Takeaway Packaging removes environmental guilt from fast food. As a key supplier of sustainable food packaging in the UK, we focus on alleviating plastic consumption in the fast food industry.
In this blog post, we’ve decided to do something a little different by compiling a list of our very own environmentally approved companies that use recycled packaging outside of the food sector — or at the very least have some planet-protecting aspect in their business plans. Basically, we want to spread the love to other feel-good brands that split their efforts between profit and caring for the planet.
As a reader of our blog, you’re likely in the process of building a waste-free life. If this is true for you, our list of ethical brands is a free resource built to help you, a fellow environmentalist.
Leading Companies That Pledge to Recycle Plastic and Use Recycled Packaging
Given the climate change crisis that we’re facing, leading companies are now pledging to recycle plastic — great news for the planet and waste-free shoppers alike. This makes shopping for household products such as shampoo, makeup and even technological items easier.
- Ecover – Household product brand Ecover has a strong ethos to deliver “clean plastic”. Its product range includes fabric softener, hand wash and dishwasher tablets so that you can scrub up with a clean conscience.
- L’Oréal – Major cosmetic brand L’Oréal has a feel-good goal set for 2020: for 100% of its products to have an improved environmental or social profile while providing equal or greater benefits to the consumer. You can review its 2017 progress report and check out its refillable challenge, among other environmental initiatives.
- Walmart – This supermarket giant has a bold and powerful zero-waste mission, spreading its values across its entire supply chain. If you’re leading a company with a “zero plastic waste aspiration” goal, you can request to join the packaging pillar of Walmart’s Project Gigaton.
- Accenture – This global management consultancy is a Fortune 500 company that is leading the way in business when it comes to the environment. If you take a look at its latest Corporate Citizen Report and skip to the environment tab, you can see this ethical firm’s commitment for yourself. This includes 21% of its used energy coming from renewable energy sources.

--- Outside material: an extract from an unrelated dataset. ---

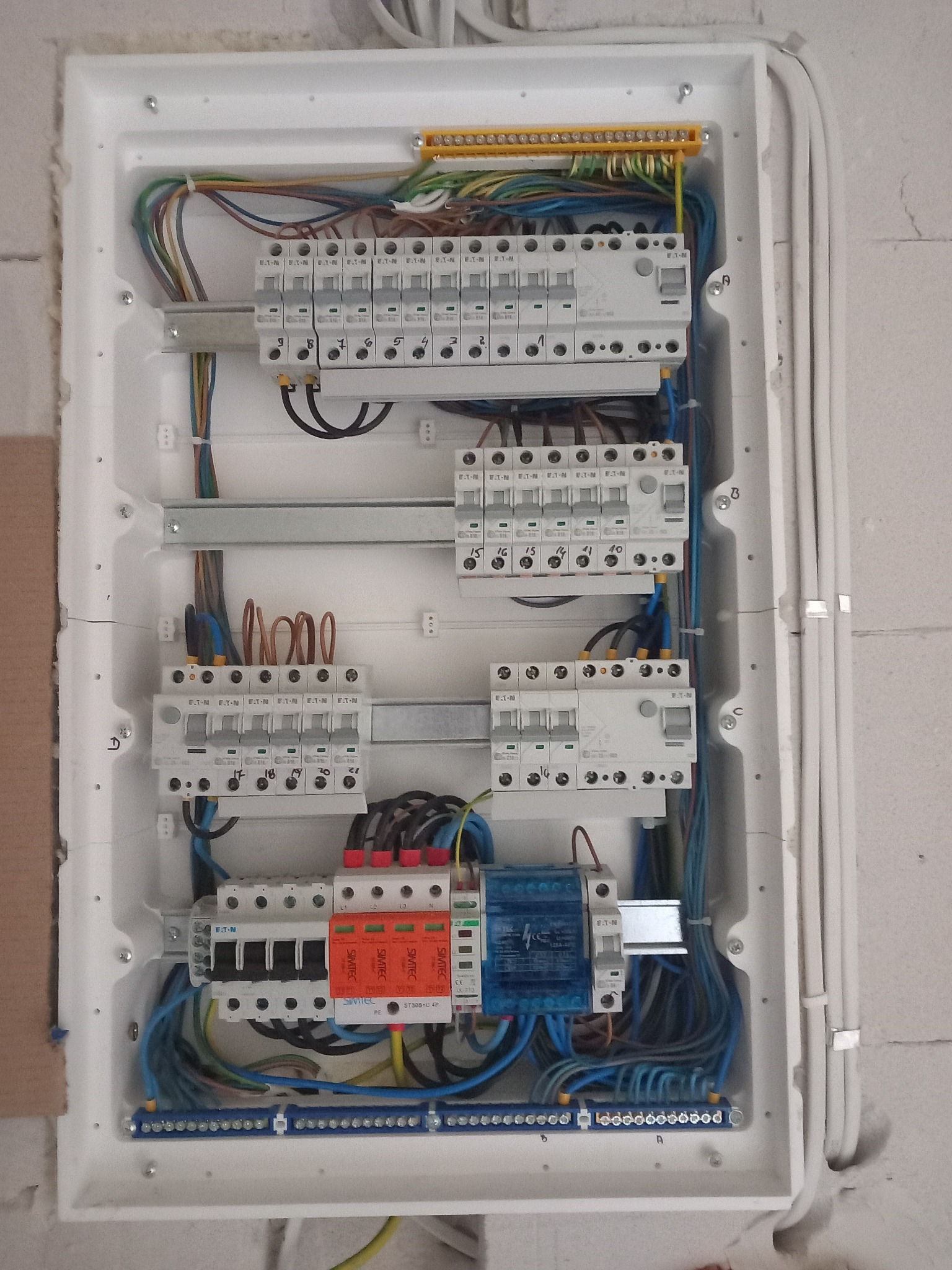 Otwarta skrzynka rozdzielcza z bezpiecznikami, zabezpieczeniami przepięciowymi i przewodami w różnych kolorach, zamontowana na surowej ścianie.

- Intel – This major technology corporation ranks higher than most of its competitors when it comes to positive environmental impact. The company actively deals with its own energy consumption with smart investments into green power and energy conservation projects.
- REN Clean Skincare – Popular spa skincare brand REN has launched an Ocean Plastic Bottle that removes the metal spring and is 100 per cent recyclable. The company is slowly rolling out this packaging system to some of its products, so don’t rush out to buy REN skincare products before asking if the item is using the recycled plastic packaging.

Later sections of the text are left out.